Великий Пост, с вишневой палкой в руке, шел сухой и согбенный, каяться во грехах. Колокол звенел заунывно, и один был против всеобщей радости торжества природы. Но скворцы не слушали звона. Они яростно орали, свистели, подражали грохоту поезда, конскому ржанию, собачьему лаю, кошачьему мяуканью, и все это пересыпали заливистыми трелями. Боже, как было хорошо на солнышке! Даже старый дед Минай, которому было за девяносто, сидел на припеке, на “присбе [88] ” у хаты. Все ему кланялись, и всем он говорил ласковое слово: “Урожай полный будет! В ночи видал, как в небе Богородица звездной россыпью шла… Благословляла наши края!” И деду верили. Как не верить, когда ему почти век уже, и живет он, как святой, одним хлебом, луком, овощами и запивает квасом. Ни — мяса, ни — рыбы в рот не берет; и если пьет молоко, так старое да малое — все едино, и в такой старости уже молоко нужно. Детская душа в нем! Сидит, улыбается, благословляет: “Дай Бог!.. Помогай, Христос!.. Уже святые Богатыри в небе рать [89] землю синюю начали!.. Скоро и нам”.
88
В моем украинском словаре этого слова не обнаруживается.
89
Т.е. “пахать”.
Деда Миная любили. Надо ему в церковь, два мужика бережно брали его под руки и вели, а там сажали на лавицу, рядом с такими же немощными стариками. Отец, бывало, им по благословенной просфорке вышлет, а деду Минаю — Богородичную. Деду он всегда посылал то миндальной халвы, то свежего меду, то грибков-боровичков, рыжиков или китайской фасоли, варенья, чего-нибудь лакомого. Дед всегда делился с ребятами.
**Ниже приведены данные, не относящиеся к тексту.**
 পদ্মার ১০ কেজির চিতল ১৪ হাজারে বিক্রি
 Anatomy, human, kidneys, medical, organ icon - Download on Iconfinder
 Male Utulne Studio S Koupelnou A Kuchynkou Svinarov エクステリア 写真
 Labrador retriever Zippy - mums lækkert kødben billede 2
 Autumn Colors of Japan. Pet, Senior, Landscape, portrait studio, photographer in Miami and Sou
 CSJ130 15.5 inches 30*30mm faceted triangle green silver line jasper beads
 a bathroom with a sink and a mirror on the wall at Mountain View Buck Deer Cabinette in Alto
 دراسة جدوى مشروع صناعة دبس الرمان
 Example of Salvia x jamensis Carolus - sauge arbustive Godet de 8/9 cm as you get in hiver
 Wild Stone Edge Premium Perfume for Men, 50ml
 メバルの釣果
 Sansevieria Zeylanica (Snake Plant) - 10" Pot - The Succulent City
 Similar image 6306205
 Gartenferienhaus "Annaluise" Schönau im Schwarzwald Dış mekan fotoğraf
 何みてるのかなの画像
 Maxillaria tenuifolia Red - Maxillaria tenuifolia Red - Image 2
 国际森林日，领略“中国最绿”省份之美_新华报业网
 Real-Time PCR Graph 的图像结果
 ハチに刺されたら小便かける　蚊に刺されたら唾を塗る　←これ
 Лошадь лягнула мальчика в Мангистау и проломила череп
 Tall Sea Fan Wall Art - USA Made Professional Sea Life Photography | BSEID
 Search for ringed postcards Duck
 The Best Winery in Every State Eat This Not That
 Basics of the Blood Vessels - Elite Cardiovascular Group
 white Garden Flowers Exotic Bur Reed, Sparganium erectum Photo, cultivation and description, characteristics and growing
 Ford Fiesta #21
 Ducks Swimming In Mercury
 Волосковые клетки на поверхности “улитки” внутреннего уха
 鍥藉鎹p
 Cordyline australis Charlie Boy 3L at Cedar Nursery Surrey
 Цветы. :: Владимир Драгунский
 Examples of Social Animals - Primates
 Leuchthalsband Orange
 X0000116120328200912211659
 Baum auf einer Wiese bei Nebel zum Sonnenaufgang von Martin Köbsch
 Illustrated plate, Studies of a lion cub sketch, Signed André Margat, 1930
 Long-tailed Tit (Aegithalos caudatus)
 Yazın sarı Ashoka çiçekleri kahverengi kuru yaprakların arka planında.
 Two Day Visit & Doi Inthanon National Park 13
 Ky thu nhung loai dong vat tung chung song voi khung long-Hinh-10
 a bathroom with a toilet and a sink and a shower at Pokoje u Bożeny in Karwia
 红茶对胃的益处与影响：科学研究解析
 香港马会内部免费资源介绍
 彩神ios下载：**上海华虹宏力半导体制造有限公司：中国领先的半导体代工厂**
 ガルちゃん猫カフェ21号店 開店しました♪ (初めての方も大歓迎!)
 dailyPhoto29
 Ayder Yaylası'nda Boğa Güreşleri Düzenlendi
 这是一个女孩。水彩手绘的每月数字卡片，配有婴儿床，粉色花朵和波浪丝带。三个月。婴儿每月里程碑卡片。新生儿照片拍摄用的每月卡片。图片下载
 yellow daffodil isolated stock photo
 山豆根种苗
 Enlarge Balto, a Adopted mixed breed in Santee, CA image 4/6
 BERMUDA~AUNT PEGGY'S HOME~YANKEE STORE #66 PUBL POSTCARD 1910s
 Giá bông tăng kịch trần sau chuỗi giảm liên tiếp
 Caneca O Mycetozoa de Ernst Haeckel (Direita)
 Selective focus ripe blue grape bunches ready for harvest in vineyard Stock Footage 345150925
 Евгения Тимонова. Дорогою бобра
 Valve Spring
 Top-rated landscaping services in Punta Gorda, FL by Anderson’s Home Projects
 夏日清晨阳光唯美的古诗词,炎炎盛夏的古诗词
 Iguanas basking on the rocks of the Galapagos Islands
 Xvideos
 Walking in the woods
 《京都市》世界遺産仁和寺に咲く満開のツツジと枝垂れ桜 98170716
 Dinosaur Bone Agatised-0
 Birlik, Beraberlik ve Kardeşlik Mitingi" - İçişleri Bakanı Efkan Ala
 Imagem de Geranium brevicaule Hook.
Обседали они его кругом, и он раздаст им почти все, а сам остатками довольствуется. Хозяйка, правнучка, на детей сердилась: “Кыш, вы! Чего дедушке есть не даете?” — “Да, они же малые! — вступается Минай, — а мне, старому, за глаза много”. Великий постник и молельник за нас грешных, был дед. Отец приносил настойку на цветах фиалки, чтоб почки работали. Дед нюхал рюмку, смотрел на синюю настойку, пил и говорил: “Поздоровь, Боже! Ну и пахнет же!.. Ровно весна во рту, — и добавляет внушительно — Вот, батюшка лекарствие принесли… а мы-то и не знали, что фиалка такое лекарствие”. Но отец имел не одно такое лекарство. Если первое перестает действовать, он посылал “Травяную”, настоянную на проросшей пшенице, или “Сиреневую”, на цветах сирени. Всегда о Минае подумает. И когда, дня через три, я принес букет фиалок, собранных в яблоневом саду, отец сказал: “На той неделе поедем в степь, на сбор. Я хотел дать Минаю настойки, а ее почти нет”.
Дни пролетели незаметно, и вот, утром отец сказал: “Собирайся, Юра, поедем за фиалками!” Я выскочил во двор, как угорелый, чуть не сбил с ног маму, входившую в дом, и закричал: — “Михайло!.. Михайло!.. Запрягай пару! Поедем в степь”, — и сейчас же кинулся за кошелками, корзинами, мешками. Все было собрано в одну минуту. С нами поехала мама, сестренка Леночка, лет пяти, еще и Настя, девчонка — мамин приемыш, что в хозяйстве помогала. В степи мы слышали такое пение жаворонков, как никогда. Даже видели их: поднимается камнем вверх, точно его швырнули с земли, и начинает петь, постепенно съезжая на хвост, до земли. Затем снова летит вверх. Отец объяснил: “Когда он поет, у него нет сил удержаться в воздухе, вот он и спускается, хоть и мешает крыльями. Потом опять летит”.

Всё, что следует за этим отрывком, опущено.